To summarize as quickly as possible, the Fiesta Bowl used funds to pay employees who made political donations, to the tune of around $45,000, and bowl CEO John Junker used Fiesta money to pay off things like a night of fun at a strip club and an extravagant birthday party. Paying off the fun for CEO's Gone Wild is a problem, but the political contributions were a big problem that could still have issues when it comes to taxes - the bowl is set up as a nonprofit enterprise and isn't allowed to divert money for political fundraising.

The Fiesta Bowl, for all intents and purposes, is being slapped with the lack of institutional control tag, but the bowl and the oversight committees are taking steps to right the ship. Junker, who reportedly was making almost $700,000 a year, was canned, a purge of offending members of the board of directors is in the works, and the Fiesta Bowl has to pay a fine of $1 million.

Here's the problem for all of the critics; the Fiesta Bowl, basically, got away with paying tip money and it still gets to be a part of the BCS.

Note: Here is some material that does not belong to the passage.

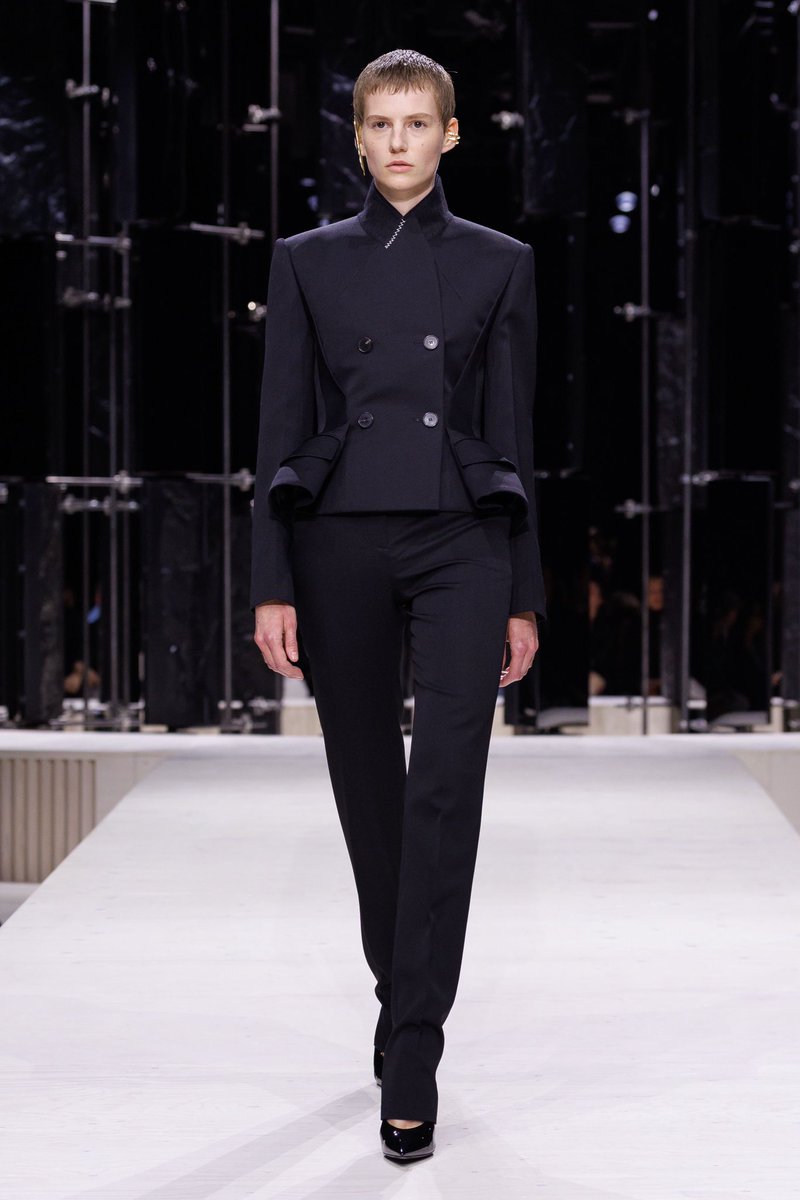 Tailoring is really Sarah Burton’s forte.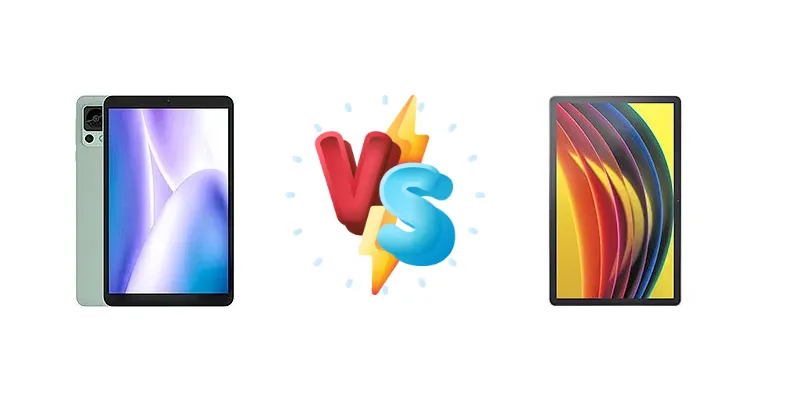 Doogee T20mini vs Lenovo Tab P11 Plus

Bill Hancock, the executive director of the BCS, has been quoted as saying that the fine and the house cleaning being done were the "appropriate actions." But Hancock is nothing more than a corporate shill for the BCS, and everything he says and everything he does is about preserving the status quo. The BCS wants the Fiesta Bowl to stick around because it doesn't want to do anything that might diminish the integrity of the current bowl system, and while $1 million might seem like a big penalty, that's nothing compared to the tens of millions the bowl game generates from things like ticket sales, tourism, and corporate sponsorship. It's hard to take anything Hancock says seriously because his talking points – like the idea that the FBS teams can't have a playoff because of academic concerns – are consistently wrong. This is the equivalent of Bud Selig talking tough about stamping out performance enhancing drugs.

While Hancock isn't believable, the conference commissioners are. The task force put together to look into the Fiesta Bowl's changes seems to be satisfied, and while the commissioners are part of the non-playoff problem and also want to keep the bowl world as is, they're not going to put their necks out on the line unless significant changes have been made. When Big 12 Commissioner Dan Beebe and SEC Commissioner Mike Slive are willing to go on the record and say the Fiesta Bowl has changed, then there really does appear to be an honest effort being made to stay among the elite BCS games.

While the BCS types would like this to all go away, and the Fiesta Bowl should be fine now with new people running the show and with a watchful eye on the finances, the NCAA isn't quite ready to close the books.

The NCAA still has to decide whether or not it wants to continue to license the bowl, and while there probably won't be any major rulings that differ from the BCS task force findings, this will serve notice to the Fiesta and the rest of the bowl games that play time is over. Now, it's going to be really, really tough to get a new bowl game started, with the NCAA choosing to wait three years before allowing any new games to pop up after the way the Fiesta Bowl ran its non-profit business. Now, the NCAA is going to take a harder look at the other bowl games, especially the BCS games, to make sure that there aren't similar issues that could embarrass the bowl process further.

So now the scandal that started in December of 2009 appears to be over and the storm has passed. But for those still leery of the way the bowls operate and the millions of dollars that are flowing in, it's going to take more than a few firings and a fine to assume major changes to the system are coming.